Over the years, the Copenhagen Fashion Summit has grown in status from a get-together of sustainable fashion activists to a major event attended by the top executives of the industry's leading groups. Personalities like Emanuel Chirico, president of PVH Corp., and François-Henri Pinault, CEO of Kering, have expressed their opinions speaking at the Danish event.

“Eva has shaped Global Fashion Agenda around the notion of creating an influential fashion industry body, through a foundation managed by industry professionals that focuses on sustainable fashion, underpinned by a conference promoting sustainability in the industry.

“She has also built a robust leadership team that will continue to run the organisation together with a new CEO. While we regret Eva's departure, we are delighted she will be joining Global Fashion Agenda's board of directors, and we wish her the best for the future,” said Niels Eskildsen, board chairman of GFA, cited in a press release. Together with COO Travis Peoples, Eskildsen will take charge of the organisation until a new CEO is appointed.

GFA is an influential voice within the fashion world on the subject of sustainability. However, being sponsored by names like ASOS, Bestseller, H&M, Kering, Li&Fung, Nike and PVH Corp., GFA has been frequently lambasted by industry players which criticise it for being too accommodating towards leading fashion groups.
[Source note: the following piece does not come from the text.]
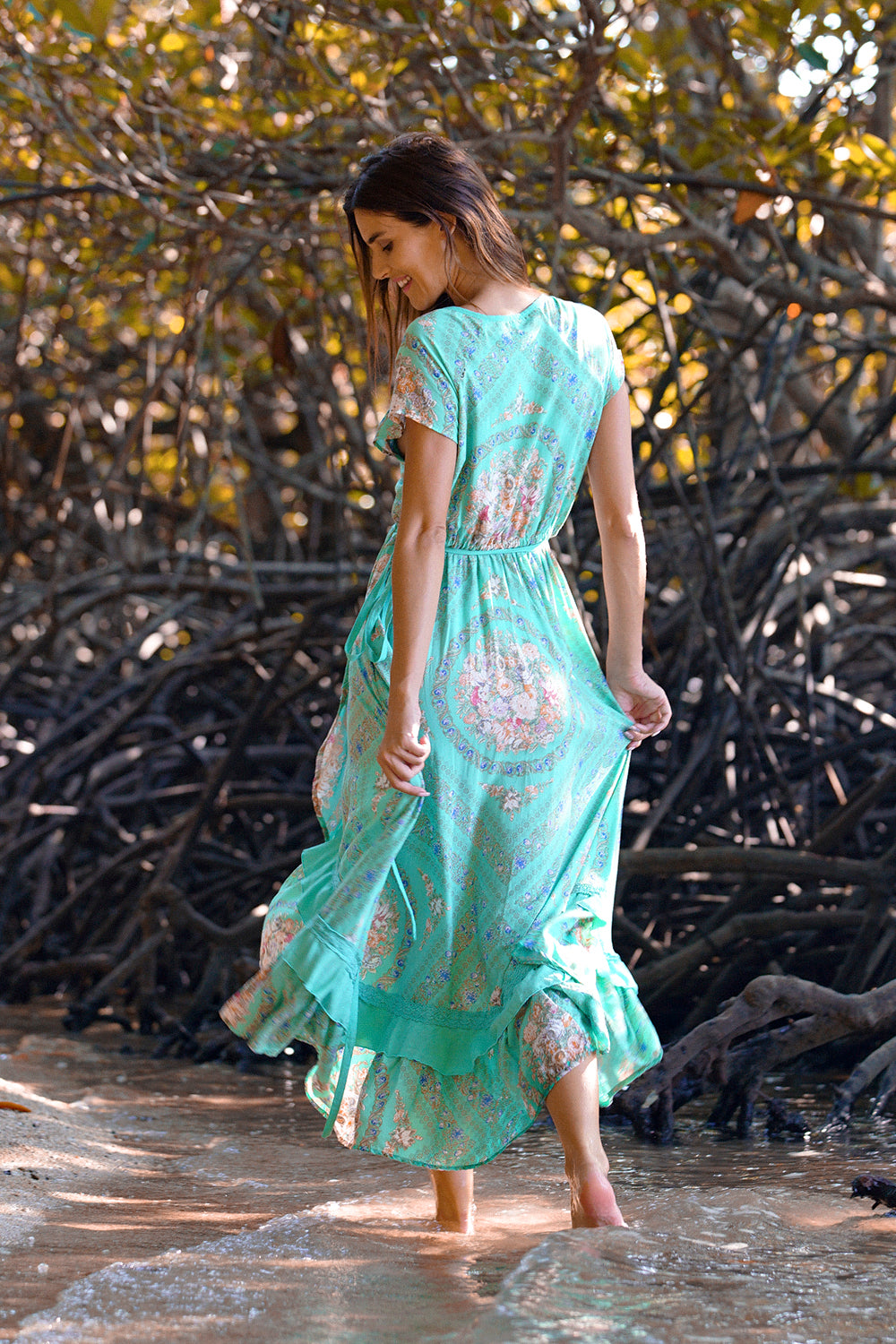 Vera Wrap Dress - Turquoise - Tulle and Batiste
Kruse and her staff have always opted for encouraging the sector to improve its practices, rather than denouncing the latter as not responsible enough.
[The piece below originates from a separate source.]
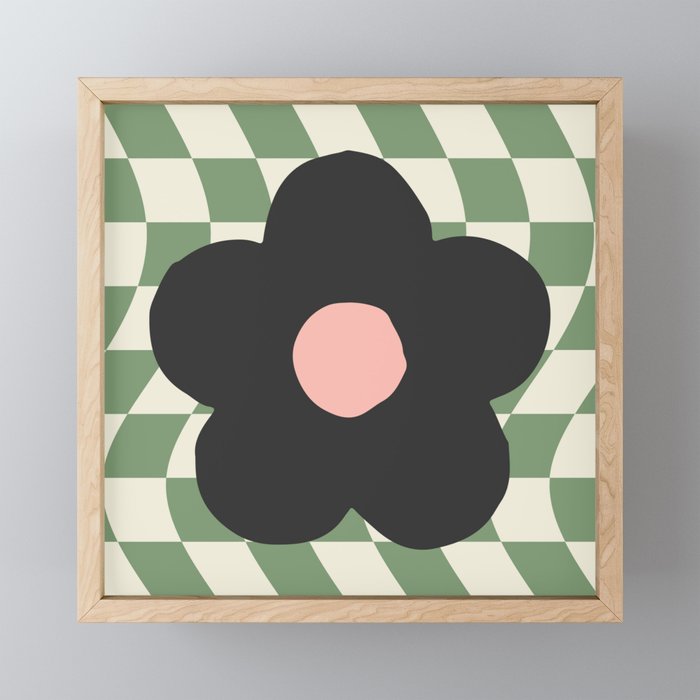 A Single Flower (Checked & Warped BG) Mini Art Print Gallery Image 1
Since the Copenhagen Fashion Summit in 2017, GFA has been urging the industry's top executives to commit to making progress in adopting more environmentally friendly practices, and especially in promoting recycling and re-using products and materials. An improvement process which 86 companies of varying size have pledged to undertake as signatories of GFA’s 2020 Commitment.

On November 30, GFA presented its 2020 results. “We launched our 2020 Commitment because we wanted to turn intentions into concrete action, and urge the industry to shift towards a circular fashion system. When we began, in 2017, circularity was still an entirely new notion for many industry players. We are impressed by our signatories’ achievements. They have shifted their strategies to accelerate the transition, and have tackled the challenges posed by Covid-19 in a highly creative way, adopting tools that are rooted in a circular fashion mindset,” said Kruse, commenting the results.


GFA


GFA

The chart shows the targets achieved by the 2020 Commitment signatories related to boosting circularity in fashion GFA

GFA



The 2020 Commitment signatories undertook to take action in four main areas: implementing a circular design approach; increasing the volumes of used apparel and footwear they collect; increasing the volume of used apparel and footwear they resell; and grow the share of apparel and footwear made using fibres derived from recycled products. Of 207 individual targets set as part of GFA’s 2020 Commitment, 132 were reached by the signatories.

The job of Kruse’s successor at GFA will be to further boost the sustainability commitment of fashion’s global players.